14 years ago · 39e5de3dee
--- a/doc/rspamd.texi
+++ b/doc/rspamd.texi
@@ -1366,4 +1366,473 @@ servers rspamd would select upstream by hash of fuzzy hash). Also storage can
 contain several lists identified by number. Each hash has its own weight that
 allows to set up dynamic rules that add different score from different hashes.

@chapter Rspamd modules.

@section Introduction.

 This chapter describes modules that are shipped with rspamd. Here you can find
 details about modules configuration, principles of working, tricks to make spam
 filtering effective. First sections describe internal modules written in C:
 regexp (regular expressions), surbl (black list for URLs), fuzzy_check (checks
 for fuzzy hashes), chartable (check for character sets in messages) and emails
 (check for blacklisted email addresses in messages). Modules configuration can
 be done in lua or in config file itself. 

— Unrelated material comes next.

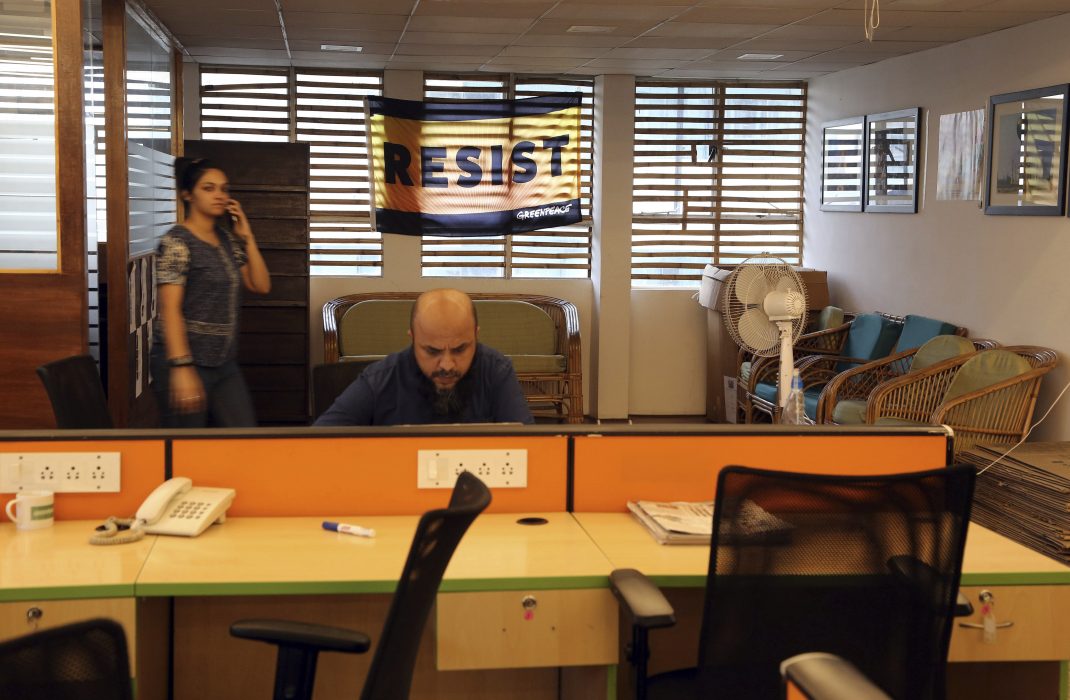 A banner is displayed on a window as an employee works at Greenpeace India office in Bangalore, India, Tuesday, Feb. 5, 2019. International rights groups and foreign aid organizations with deep roots in India say they are struggling to operate under the administration of Prime Minister Narendra Modi, whose Hindu nationalist Bharatiya Janata Party has elevated the role of homegrown social groups while cracking down on foreign charities. (AP Photo/Aijaz Rahi)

@subsection Lua configuration.
 You may use lua for setting configuration options for modules. With lua you can
 write rather complex rules that can contain not only text lines, but also some
 lua functions that would be called while processing messages. For loading lua
 configuration you should add line to rspamd.xml:
@example
 <lua src="/usr/local/etc/rspamd/lua/my.lua">fake</lua>
@end example
@noindent
 It is possible to load several scripts this way. Inside lua file there would be
 defined global table with name @var{config}. This table should contain
 configuration options for modules indexed by module. This can be written this
 way:
@example
 config['module_name'] = {}
 local mconfig = config['module_name']

 mconfig['option_name'] = 'option value'

 local a = 'aa'
 local b = 'bb'

 mconfig['other_option'] = string.format('%s, %s', a, b)
@end example
@noindent
 In this simple example we defines new element of table that is associated with
 module named 'module_name'. Then we assign to it an empty table (@code{@{@}})
 and associate local variable mconfig. Then we set some elements of this table,
 that is equialent to setting module options like that:
@example
 option_name = option_value
 other_option = aa, bb
@end example
@noindent
 Also you may assign to elements of modules tables some functions. That functions
 should accept one argument - worker task object and return result specific for
 that option: number, string, boolean. This can be shown on this simple example:
@example

 local function test (task)
 	if task:get_ip() == '127.0.0.1' then
 		return 1
 	else
 		return 0
 	end
 end

 mconfig['some_option'] = test
@end example
 In this example we assign to module option 'some_option' a function that check
 for message's ip and return 1 if that ip is '127.0.0.1'.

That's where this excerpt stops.